Quidditch: A magical game played by aspiring wizards.
Squiditch: The most feared of all the Ocean STDs.
i make my smoothies with a handful of kale, parsley, cabbage, broccoli, lemon zest and ice and blend it all in the garbage disposal.
Learned a lot during my barefoot walk through the forest. Mainly that acorns are the earth’s legos
[sees giant spider in house]
[tells girlfriend “I got this”]
[slowly rolls up magazine]
[uses magazine as megaphone & yells out the window “SAVE US!!”]
writer: you know how cats chase mice?
producer: yea?
writer: this one has a twist
producer: *leaning back* go on
writer: the mouse outsmarts the cat
producer: *slamming hands on desk* preposterous!
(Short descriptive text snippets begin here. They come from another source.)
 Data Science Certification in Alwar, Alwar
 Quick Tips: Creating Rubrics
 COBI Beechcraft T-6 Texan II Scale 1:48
writer: i call it tom & jerry
producer: *wiping tears* those are my names
ALADDIN: i can show you the world
JASMINE: wat why. do u kno that there are people out there. why do u think we live ina palace. no thank u
Just went to the water fountain at this IKEA, only to find 2 hydrogen fountains and an oxygen fountain.
I hate when I drop my chili cheese dog in my car and then I have to eat my whole car.
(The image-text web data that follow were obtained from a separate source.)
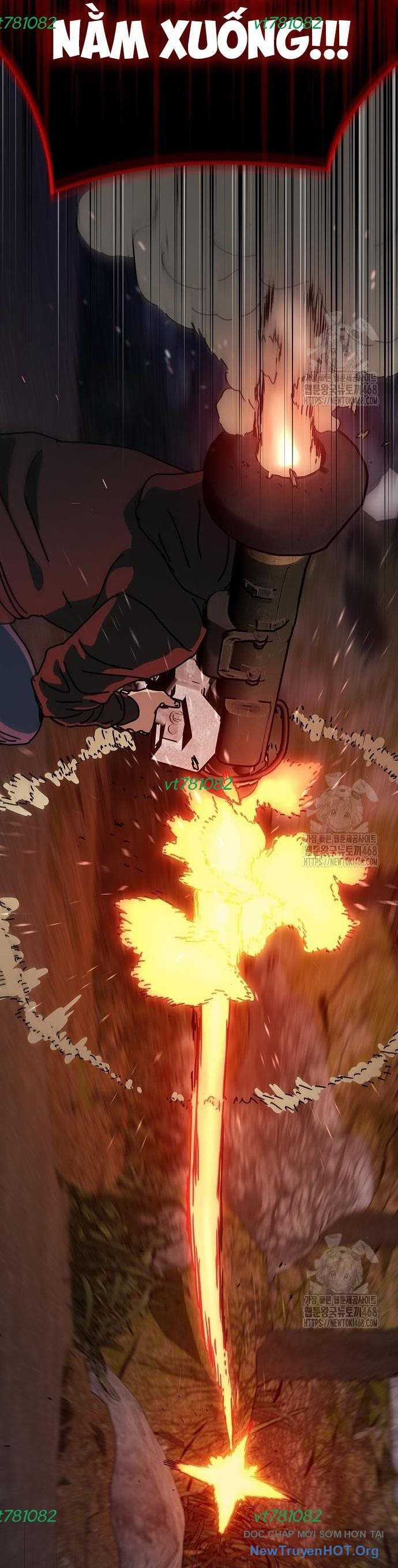 D-Day: Hầm Trú Ẩn - Chapter 47 - Trang 38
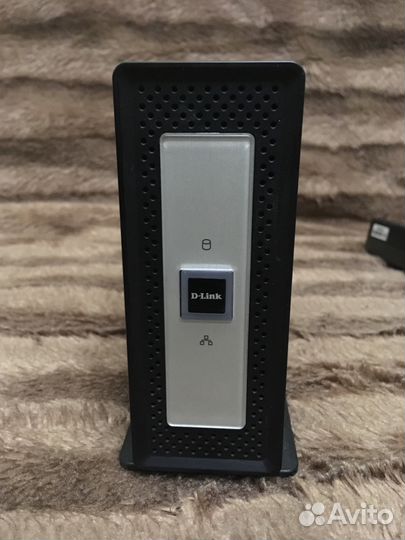 Сетевое хранилище d-link dns-313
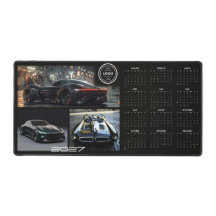 Custom Company Logo Corporate Photo 2027 Calendar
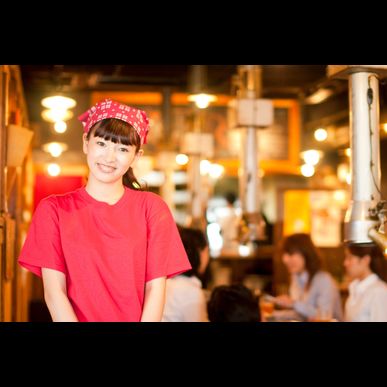 徳山の居酒屋・わらごやでは現在スタッフの求人募集中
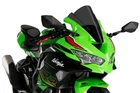 Puig Racing Windscreen Dark Smoke #21767F For Kawasaki Ninja ZX-4RR 2024 New. Price: $113.06.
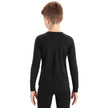 Icebreaker Kids Merino 200 Oasis Long Sleeve Crewe Thermal Top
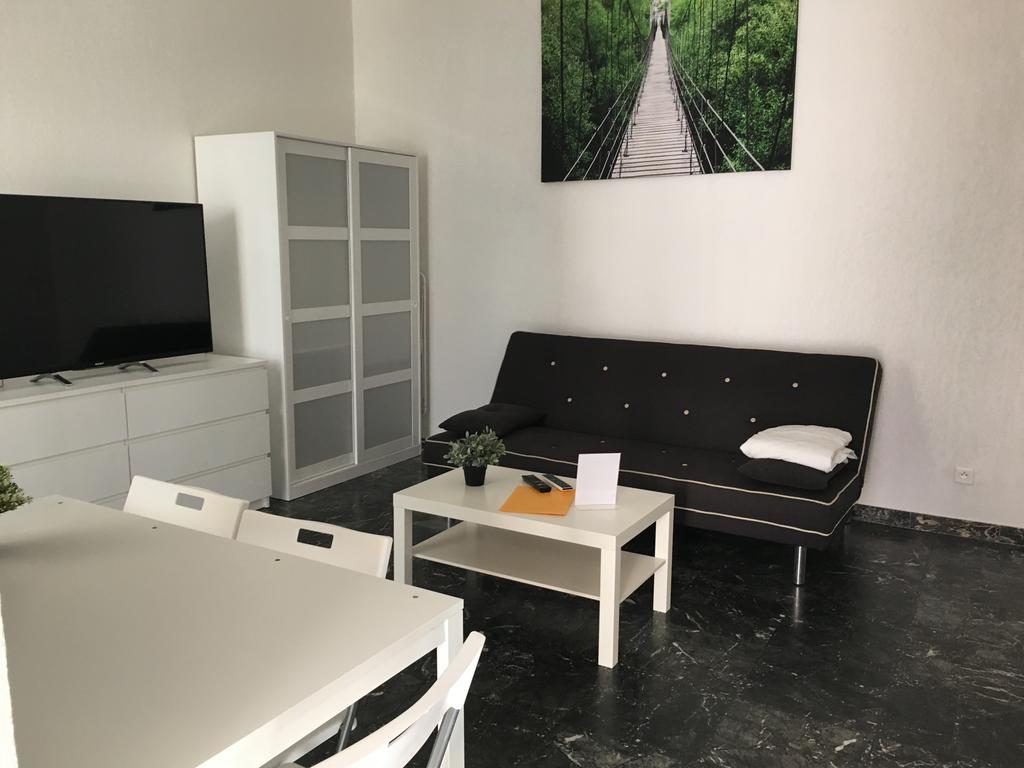Residence Villa Ange 라센느쉬르메르 외부 사진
Why is it, once you pick up a flyswatter, the little buggers never land
i love that gatorade says 0% juice. like yeah we’re well aware there’s no fruit named “cool blue”
I started a funeral business with self-driving hearses, but they keep crashing into other cars.
Business is booming.
I drank my recommended amount of water today, yay!
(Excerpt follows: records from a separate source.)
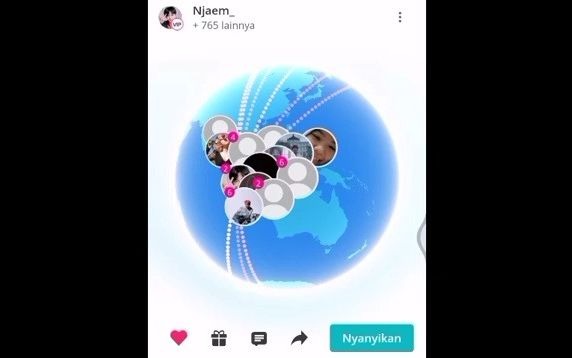 [图]【NCT】世界各地的划粉一起唱From Home是怎樣的體驗 🥺🌎💚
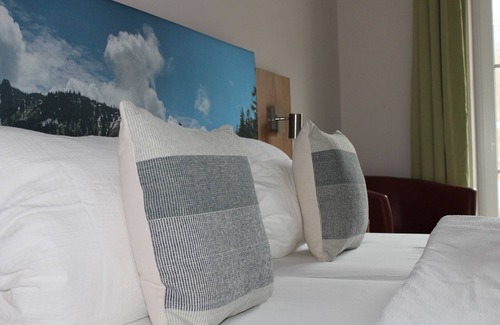 Aschau im Chiemgau Apartamento | Appartement Julia in Aschau im Chiemgau, Direkt am Fuße der Kampenwand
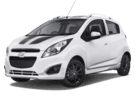 EVA коврики на Chevrolet Spark III 2009 - 2023 в Пензе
Okay, well there was some vodka mixed in every cup, but still.
[at work party]
Hey Bill…weird, have you always been a scotch guy?
Bill (eating directly from tape dispenser): I stick with it.
Todd on Facebook hates being sick.
Really Todd? Most people love it.
everytime IT tells me to clear my cache and cookies i imagine giving away my money and treats
So many idiots speed past my house that when someone is actually going the speed limit I take cover and assume it’s a drive-by.
Me: I’d like a nap please.
Domino’s employee: Ma’am, this is Domino’s.
Me: Ok one extra large nap and an order of cheesy bread.
I need to be drunk looking in the passport picture because I’ll certainly be drunk when I’m traveling.
Witch: Rapunzel, Rapunzel, let down your hair!
Rapunzel: … Why tho
Witch: I wanna climb the tower
Rapunzel: Have you- have you seen the news? It’s close quarters up here
Witch: C’mon I gotta talk to you
Rapunzel: Can I just drop you a Zoom link
[spelling bee]
Your word is ‘mnemonic’
“Can you use it in a sentence?”
Memory Needs Every Method Of Nurturing Its Capacity
INTERVIEWER: Now this is an impressive résumé
ME: Thank you, I found it outside
I’m not saying four kids is too many, I’m just saying it would be kind of cool if I could melt them all down to form one kid, that’s all.
HUSBAND: Can you hand me the salad spinner?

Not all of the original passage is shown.